- **SOURCE MATERIAL**
[Start of section]
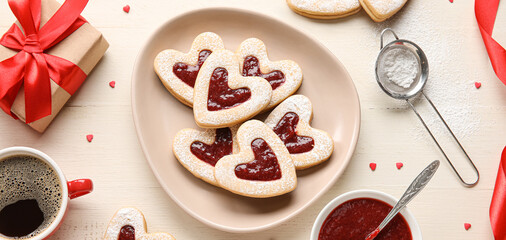 Composition with tasty heart-shaped cookies for Valentines Day on light background, top view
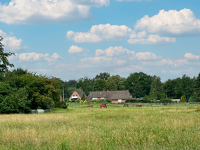 Leben auf einer Ebene: Stilvoller Winkelbungalow in Bendestorf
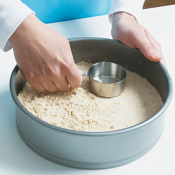 Pat the dough down with a measuring cup until evenly flat.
[End of section]
- **YOUR GOAL**
Would you please set down the listing above exactly, minus its images?

- **ANSWER TO THIS TASK**
 Composition with tasty heart-shaped cookies for Valentines Day on light background, top view
 Leben auf einer Ebene: Stilvoller Winkelbungalow in Bendestorf
 Pat the dough down with a measuring cup until evenly flat.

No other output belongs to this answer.